What are the prohibited activities for the ILP sub fund?

An ILP sub-fund should not engage in:
a. direct lending of monies;
b. the granting of guarantees;
c. underwriting; or
d. short selling except where this arises from financial derivatives

How the name of ILP sub fund is assessed?

In assessing whether a name is undesirable or misleading, the MAS will consider factors including whether the name:
(a) is substantially similar to the name of another ILP sub-fund;
(b) implies that the ILP sub-fund has merits which are not, or might not be, justified;
(c) implies that the manager of the ILP sub-fund has particular qualities, which may not be justified;
(d) is inconsistent with the ILP sub-fund’s investment objective or approach;
(e) implies that the ILP sub-fund is not an ILP (for example, describing the ILP sub-fund as a “plan” or “account”); and
(f) might mislead prospective policy owners into thinking that persons other than the manager are responsible for the ILP sub-fund.

What is the criteria on the fit and proper test of the relevant persons regulated by the MAS?

The criteria for considering whether a relevant person is fit and proper include, but are not limited to the following:
(a) honesty, integrity and reputation;
(b) competence and capability; and
(c) financial soundness.

What are the areas in the due diligence check conducted by the FIs?

The MAS expects FIs to conduct rigorous and independent checks on the fitness and propriety of their representatives.
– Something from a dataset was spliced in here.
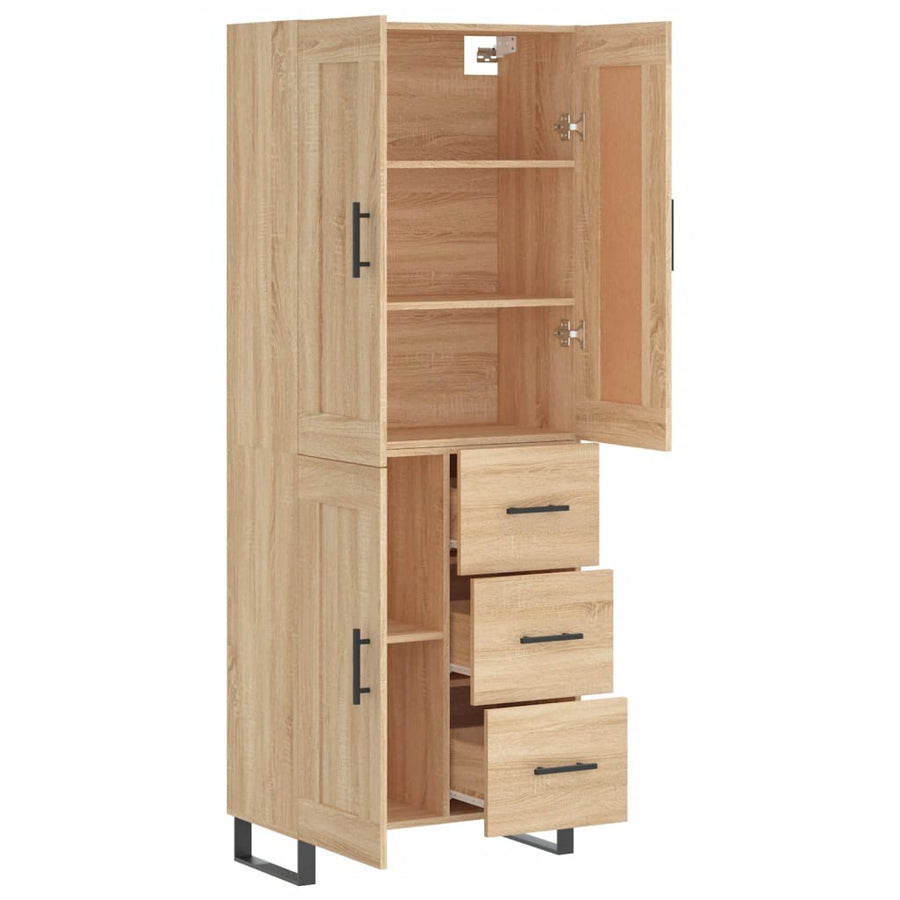 Hoge Kast 69,5X34X80 Cm Bewerkt Hout Kleurig Sonoma eiken 1 houten deur 3 lades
The due diligence checks to be conducted by the FIs include the following areas:
(a) Probity checks on representative’s identity;
(b) Probity checks on representative’s past records;
(c) Probity checks on representative’s financial status;
(d) Not to furnish false or misleading documents or information; and
(e) Periodic declaration and checks.

What is meant by the objectivity of the financial adviser?

A financial adviser should exercise reasonable care and judgement to achieve and maintain objectivity in conducting its business.
A financial adviser should avoid situations that could impair its ability to make objective recommendations.